**WORK REQUIRED:** Please restate every line below exactly, without any pictures.

Records excerpted from a collection:
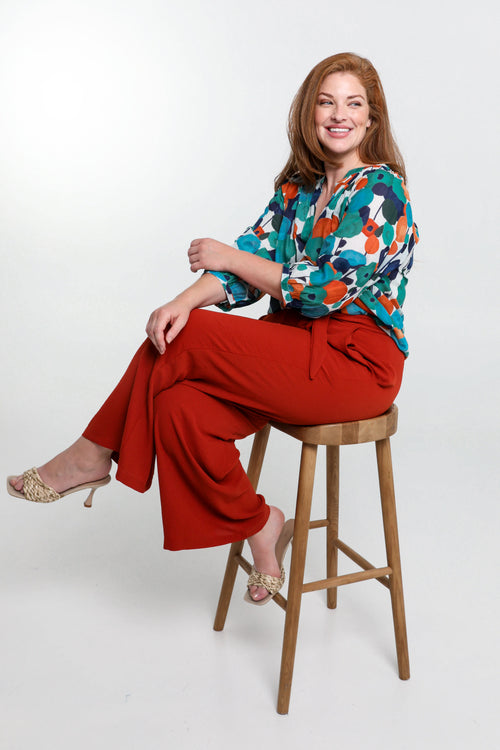 Pantalon large avec nœud-Paprika-8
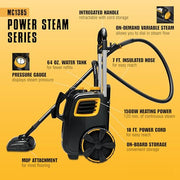 McCulloch MC1385 Canister Steam Cleaner, For Grout and Tile, 23 Accessories | Mop Head, Brushes & More - Built for Home, Tile, Carpet, Furniture, & Personal Car Detailing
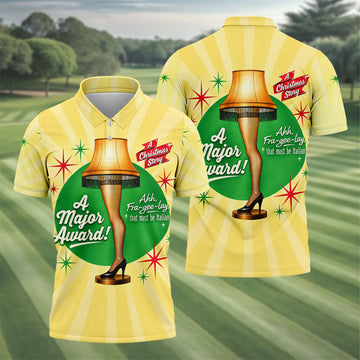 Christmas Leg Lamp Quote Golf Polo Shirt, Mens Golf Shirts, Polo Shirts For Men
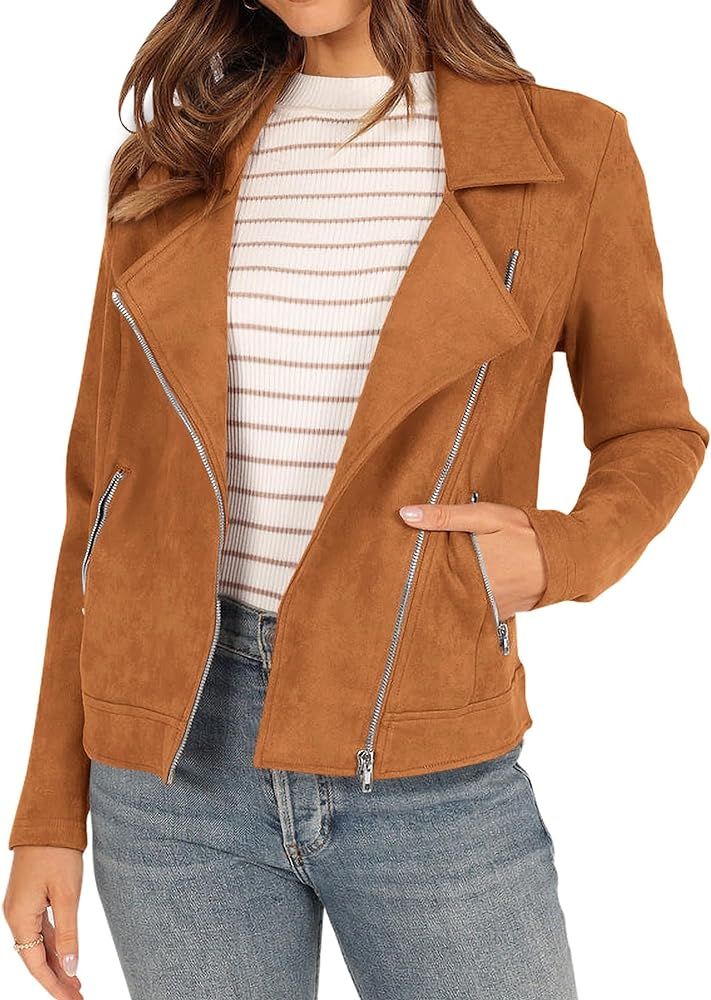 Women's 2023 Fall Faux Suede Biker Moto Jacket Fashion Long Sleeve Zipper Short Casual Coats With... | Amazon (US)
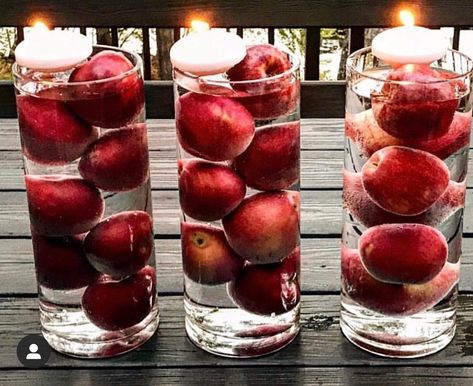 Yelena on Instagram: “Apples and floating candles is a lovely combination.  Have them in a centerpiece  in vases is another great idea for a table decoration!…” Apple Centerpiece Ideas, Apple Mason Jar, Teacher Breakfast, Apple Centerpieces, Lighted Centerpieces, Dinner Table Decor, Wire Lights, Mason Jar Wedding, Floating Candles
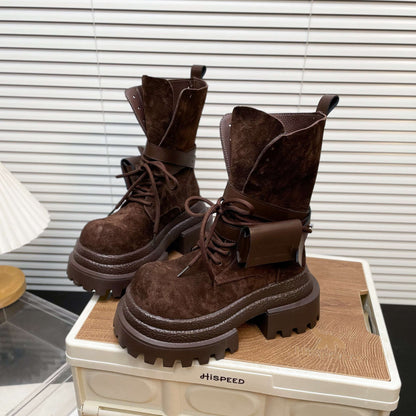 Suede Thick-soled Martin Boots For Women Autumn And Winter New Fashion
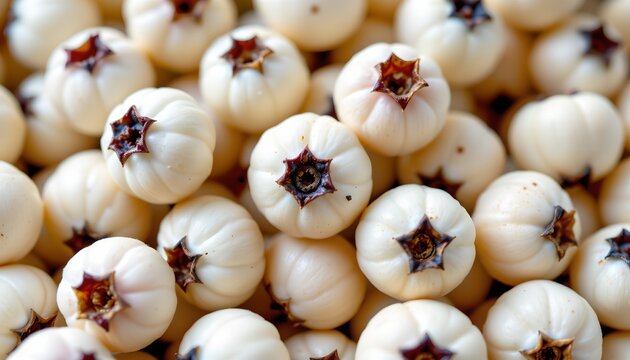The image features a close up view of numerous small, white fruits with a smooth, rounded shape. Each fruit has a dark, star shaped calyx at the top, providing contrast against the pale surface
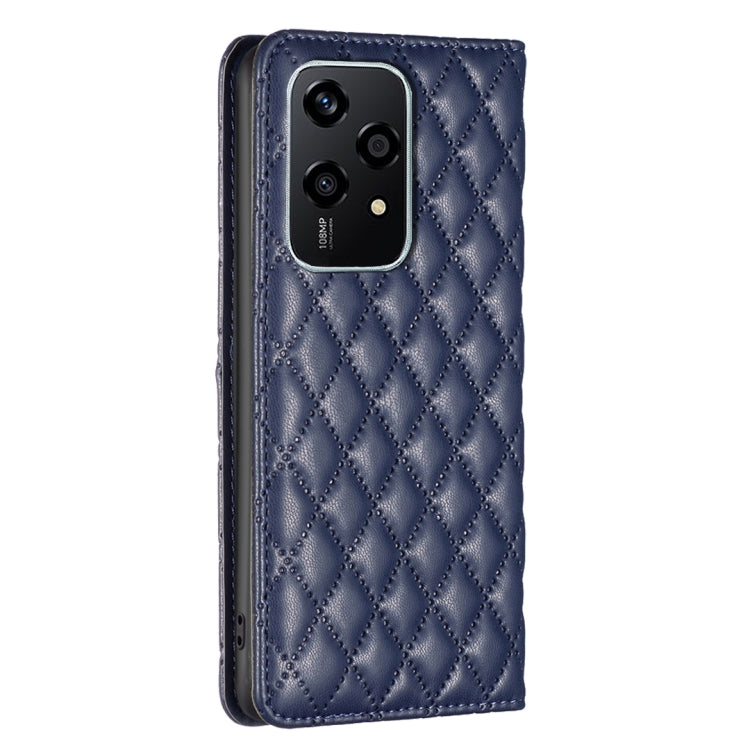 For Honor 200 Lite EU Version Diamond Lattice Magnetic Leather Flip Phone Case(Blue)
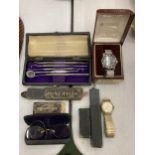 A MIXED LOT TO INCLUDE VINTAGE WATCHES, A DENTISTS SET, CUT THROAT RAZORS AND VINTAGE SPECTACLES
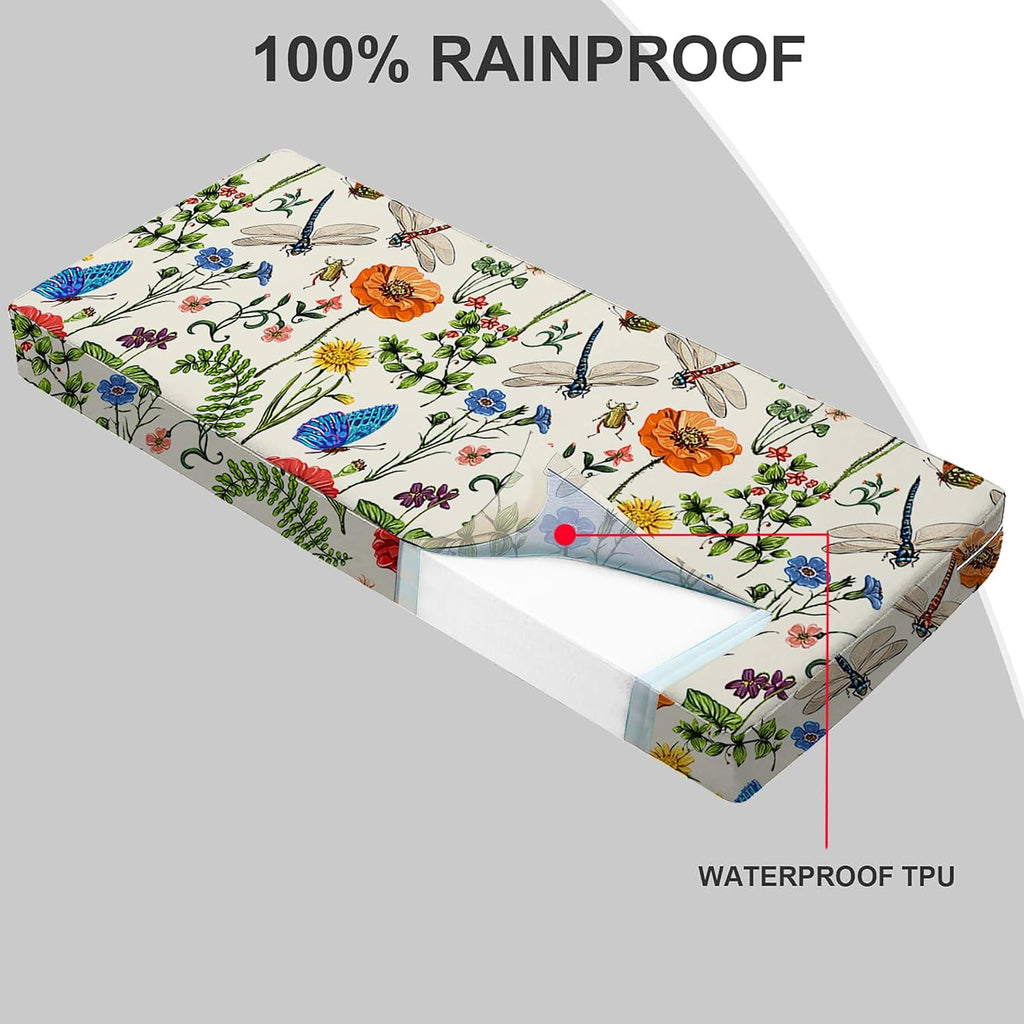 Outdoor Waterproof Bench Cushion 48 x 18 x 3 Inch with Ties | Water-repellent floral patio cushion Waterproof for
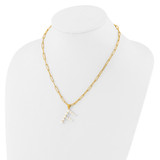 Sterling Silver Gold-plated 3-5.5mm White Button Freshwater Cultured Pearl LETTER F 18 inch Necklace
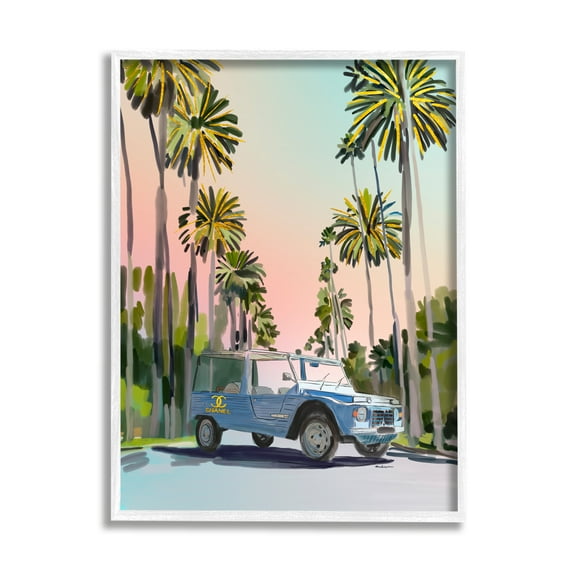 Stupell Industries Glam Tropical Truck Transportation Painting White Framed Art Print Wall Art, 24 x 30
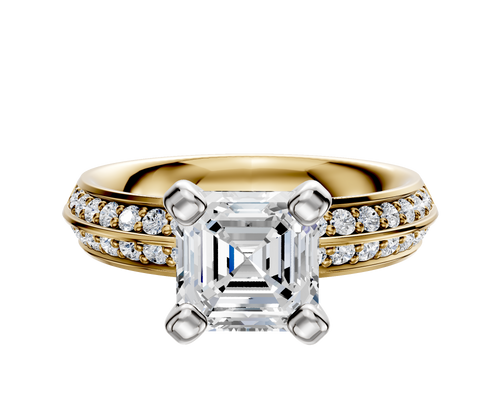 14K Two Tone 4 Prong Classic Knife Edge 1-Row-Pave 2.5mm Engagement Ring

**TASK OUTPUT:**
 Pantalon large avec nœud-Paprika-8
 McCulloch MC1385 Canister Steam Cleaner, For Grout and Tile, 23 Accessories | Mop Head, Brushes & More - Built for Home, Tile, Carpet, Furniture, & Personal Car Detailing
 Christmas Leg Lamp Quote Golf Polo Shirt, Mens Golf Shirts, Polo Shirts For Men
 Women's 2023 Fall Faux Suede Biker Moto Jacket Fashion Long Sleeve Zipper Short Casual Coats With... | Amazon (US)
 Yelena on Instagram: “Apples and floating candles is a lovely combination.  Have them in a centerpiece  in vases is another great idea for a table decoration!…” Apple Centerpiece Ideas, Apple Mason Jar, Teacher Breakfast, Apple Centerpieces, Lighted Centerpieces, Dinner Table Decor, Wire Lights, Mason Jar Wedding, Floating Candles
 Suede Thick-soled Martin Boots For Women Autumn And Winter New Fashion
The image features a close up view of numerous small, white fruits with a smooth, rounded shape. Each fruit has a dark, star shaped calyx at the top, providing contrast against the pale surface
 For Honor 200 Lite EU Version Diamond Lattice Magnetic Leather Flip Phone Case(Blue)
 A MIXED LOT TO INCLUDE VINTAGE WATCHES, A DENTISTS SET, CUT THROAT RAZORS AND VINTAGE SPECTACLES
 Outdoor Waterproof Bench Cushion 48 x 18 x 3 Inch with Ties | Water-repellent floral patio cushion Waterproof for
 Sterling Silver Gold-plated 3-5.5mm White Button Freshwater Cultured Pearl LETTER F 18 inch Necklace
 Stupell Industries Glam Tropical Truck Transportation Painting White Framed Art Print Wall Art, 24 x 30
 14K Two Tone 4 Prong Classic Knife Edge 1-Row-Pave 2.5mm Engagement Ring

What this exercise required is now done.